▸ **YOUR OBJECTIVE**
Leave the images aside and copy out the whole listing, exact to the word.
START SUPPLIED MATERIAL
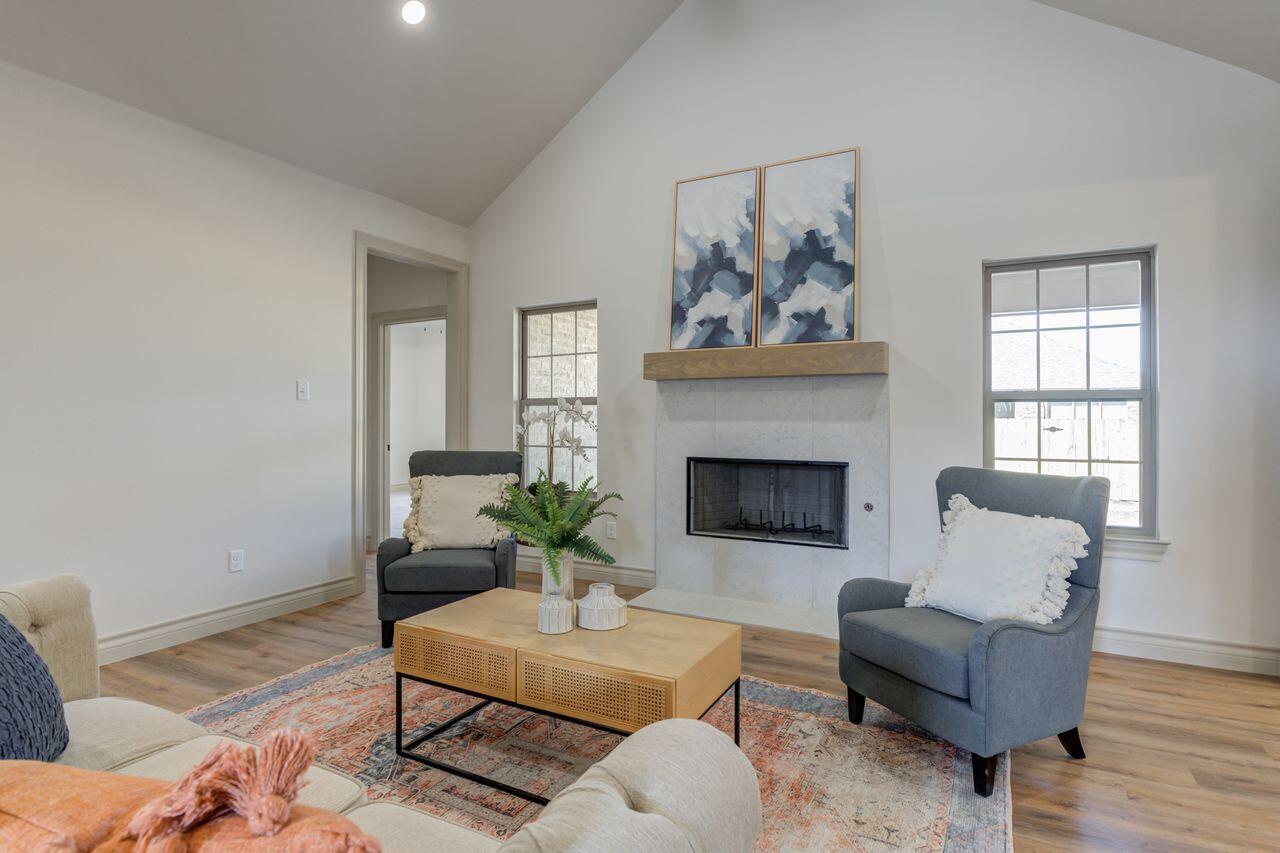 5524 120th Street Lubbock, TX 79424 - Photo 6 of 39 a living room with furniture potted plant and a fireplace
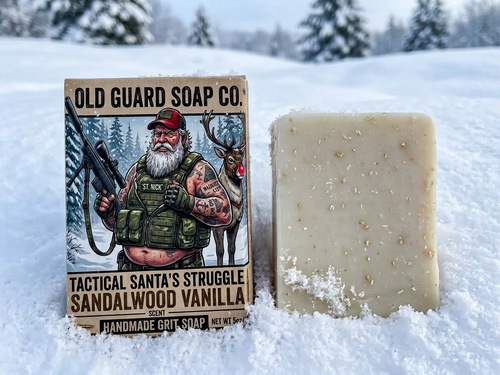 Bar of soap with Old Guard Soap Co. packaging in a snowy landscape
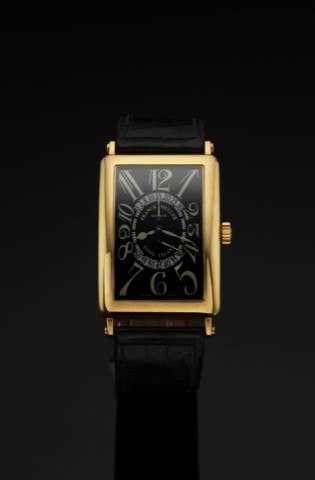 FRANCK MULLER REF. 1100 DS R LONG ISLAND.DOUBLE RETRO-SECONDS YELLOW GOLD.Franck Muller, Genève, Long Island – Double Retrograde.Seconds, No. 228, Ref. 1100 DS R. Made in the 2000s..Very fine, large, rectangular curved, self-winding, water.resistant, 18K 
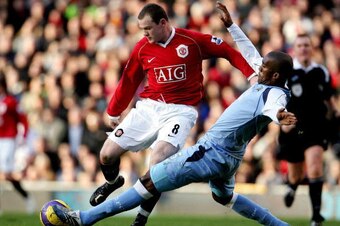Manchester, UNITED KINGDOM:  Manchester United's Wayne Rooney (L) is tackled by Manchester City's Sylvain Distin during their English Premiership football match at Old Trafford, in Manchester, 09 December 2006. AFP PHOTO/PAUL ELLIS Mobile and website use 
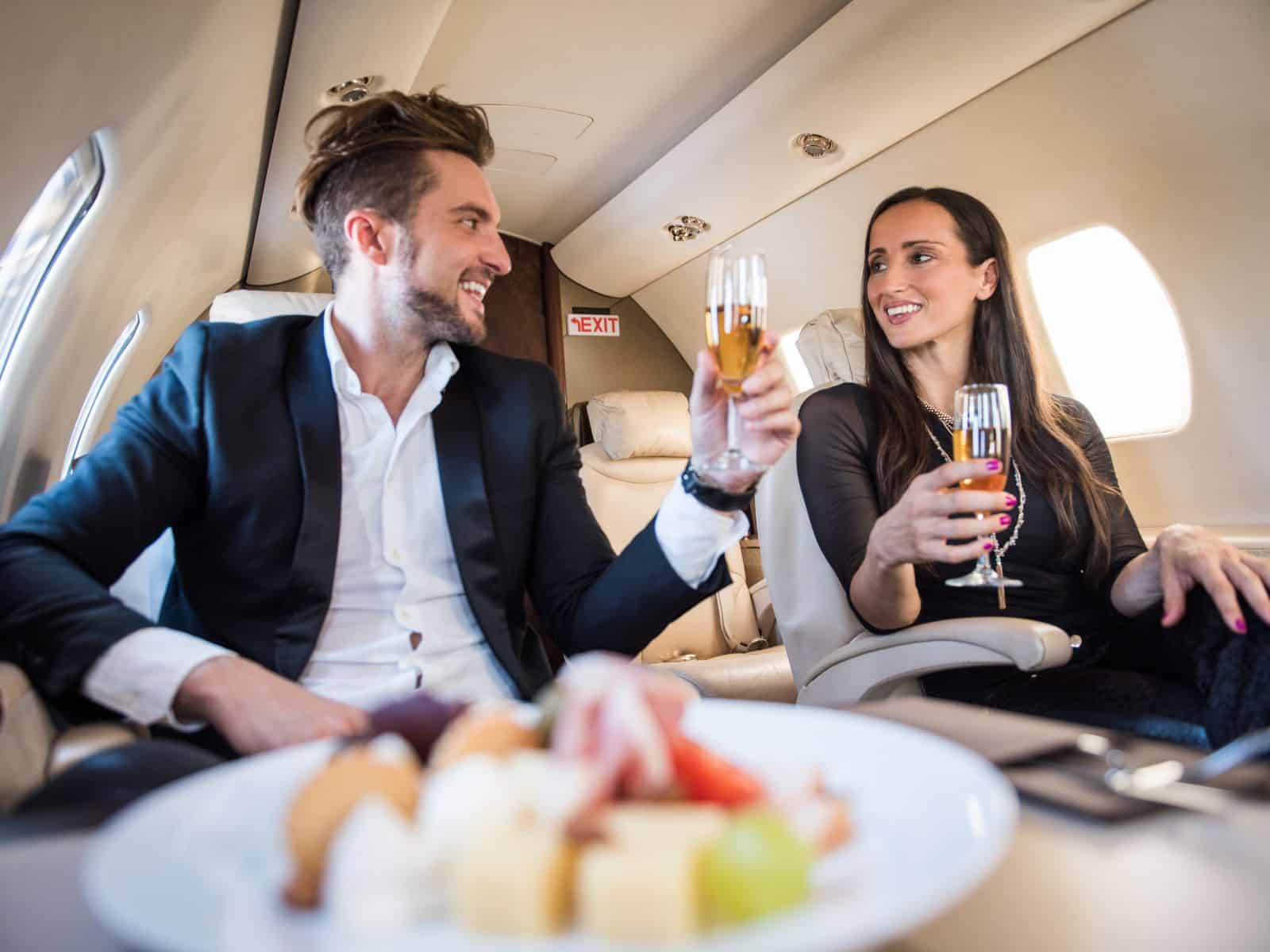 Couple sitting first class on a plane.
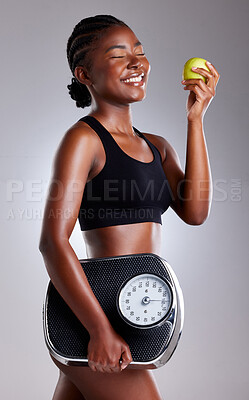 Buy stock photo Diet, scale and black woman with apple for health, nutrition or fitness for body wellness isolated on white studio background. Smile, weight loss and eating fruit for organic food with eyes closed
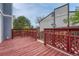 Outdoor deck features red wood, red railing, and a great view of neighboring buildings at 19140 E Milan Cir, Aurora, CO 80013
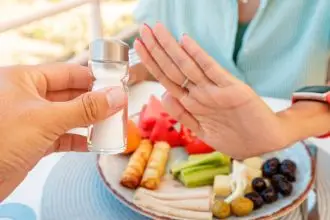 Woman saying no to table salt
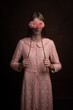 © Milou Dirks - fine art studio portrait of woman in pink dress holding flowers hiding her eyes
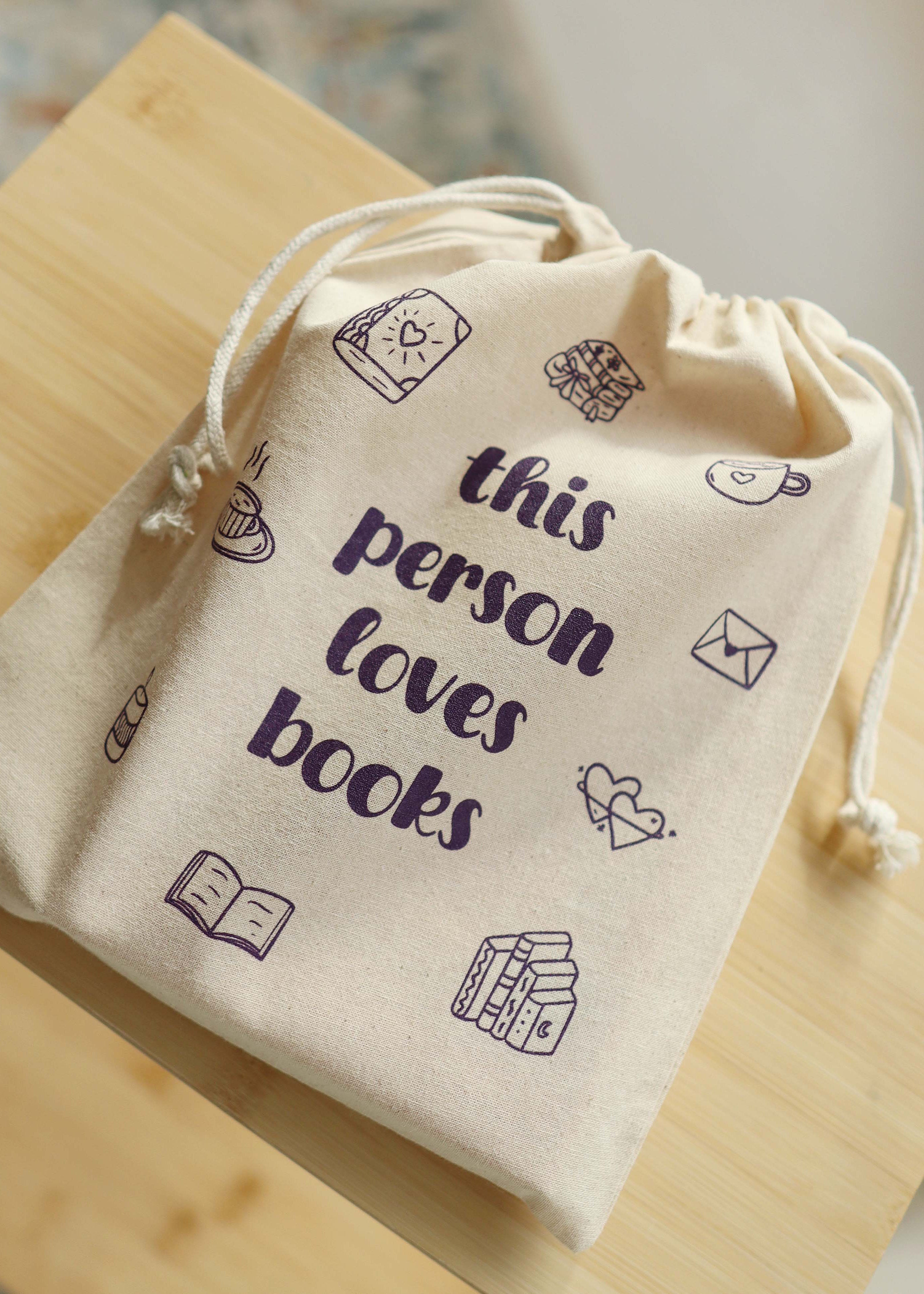 Booksleeve 'this person loves books' klein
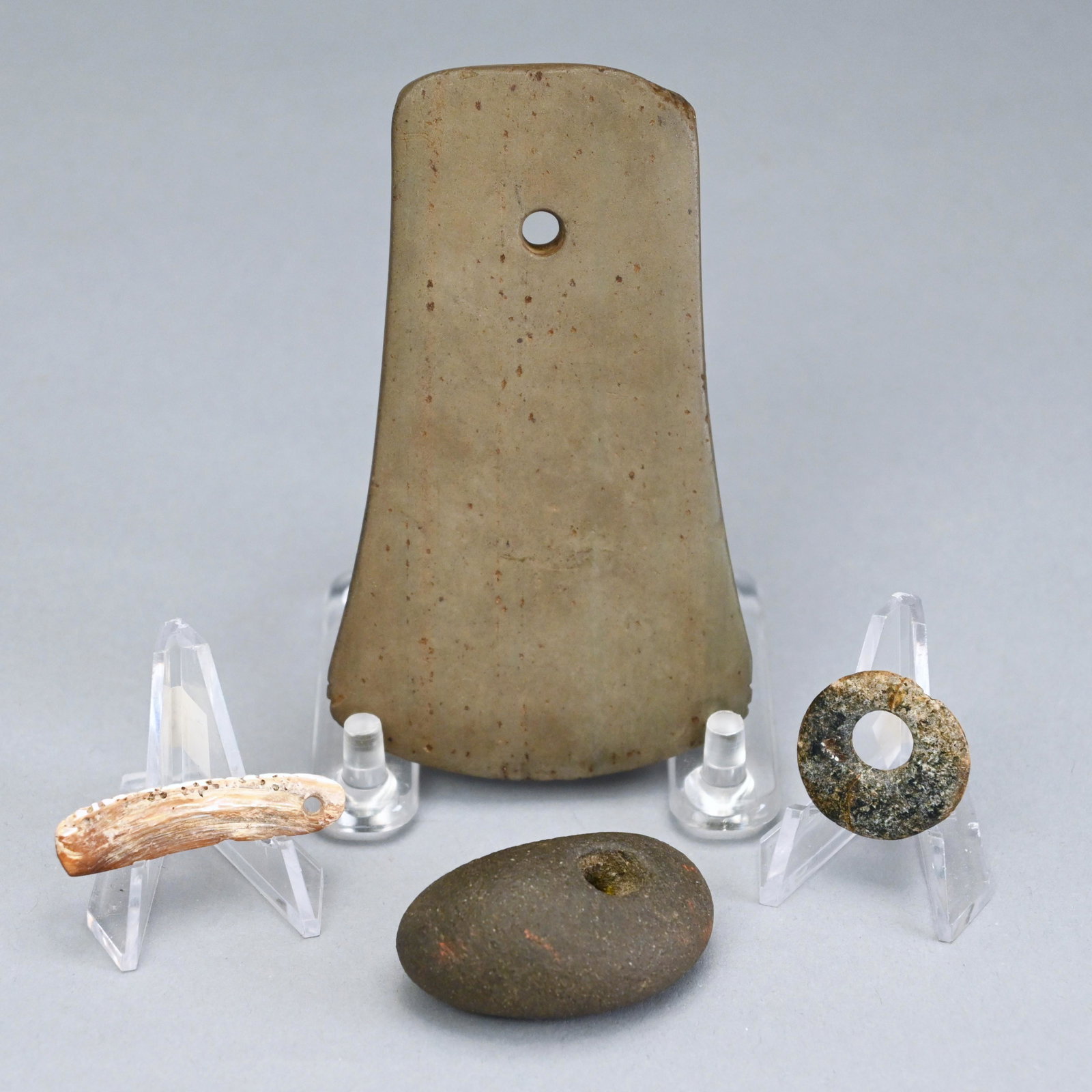 Three Stone Pendants & A Mother of Pearl Pendant: Provenance: The Collection of Stanley H. Rae & Ruth A. Rae. H: 3.875 in., W: 2.25 in., D: 0.25 in. (largest)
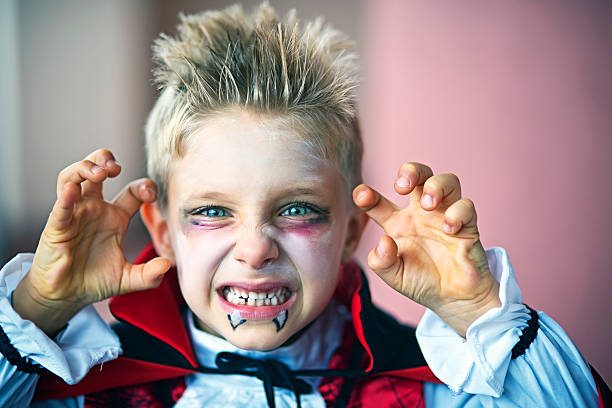 Portrait of a little boy dressed up as halloween vampire Portrait of a little boy dressed up as halloween vampire. The boy is aged 6 and is making scary face at the camera. costume stock pictures, royalty-free photos & images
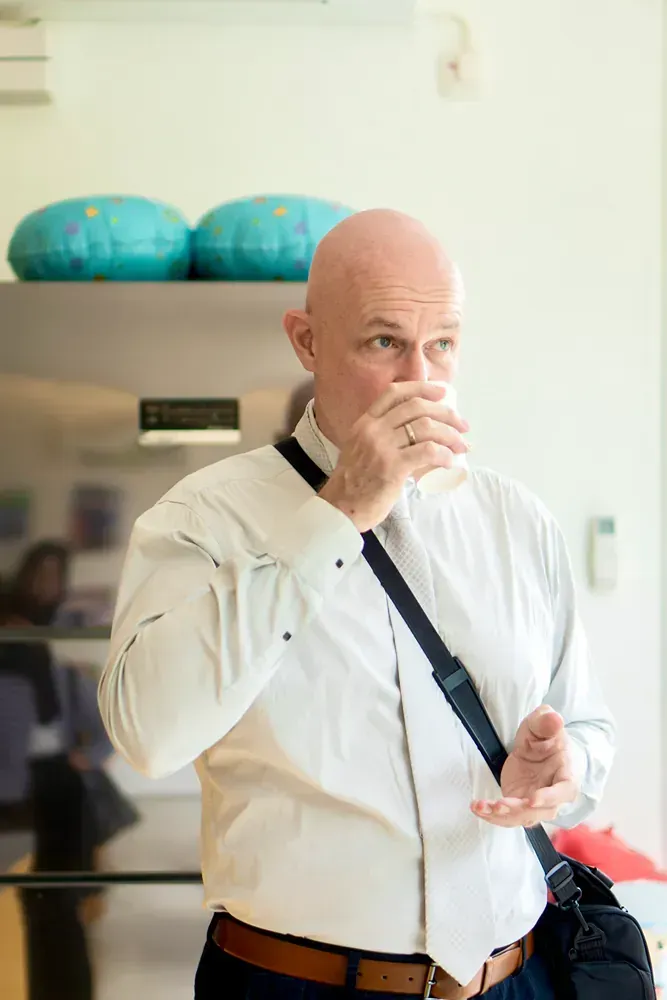 A man in a white shirt and tie is drinking a glass of water.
END SUPPLIED MATERIAL
▸ **ANSWER TO THE EXERCISE**
 5524 120th Street Lubbock, TX 79424 - Photo 6 of 39 a living room with furniture potted plant and a fireplace
 Bar of soap with Old Guard Soap Co. packaging in a snowy landscape
 FRANCK MULLER REF. 1100 DS R LONG ISLAND.DOUBLE RETRO-SECONDS YELLOW GOLD.Franck Muller, Genève, Long Island – Double Retrograde.Seconds, No. 228, Ref. 1100 DS R. Made in the 2000s..Very fine, large, rectangular curved, self-winding, water.resistant, 18K 
Manchester, UNITED KINGDOM:  Manchester United's Wayne Rooney (L) is tackled by Manchester City's Sylvain Distin during their English Premiership football match at Old Trafford, in Manchester, 09 December 2006. AFP PHOTO/PAUL ELLIS Mobile and website use 
 Couple sitting first class on a plane.
 Buy stock photo Diet, scale and black woman with apple for health, nutrition or fitness for body wellness isolated on white studio background. Smile, weight loss and eating fruit for organic food with eyes closed
 Outdoor deck features red wood, red railing, and a great view of neighboring buildings at 19140 E Milan Cir, Aurora, CO 80013
 Woman saying no to table salt
 © Milou Dirks - fine art studio portrait of woman in pink dress holding flowers hiding her eyes
 Booksleeve 'this person loves books' klein
 Three Stone Pendants & A Mother of Pearl Pendant: Provenance: The Collection of Stanley H. Rae & Ruth A. Rae. H: 3.875 in., W: 2.25 in., D: 0.25 in. (largest)
 Portrait of a little boy dressed up as halloween vampire Portrait of a little boy dressed up as halloween vampire. The boy is aged 6 and is making scary face at the camera. costume stock pictures, royalty-free photos & images
 A man in a white shirt and tie is drinking a glass of water.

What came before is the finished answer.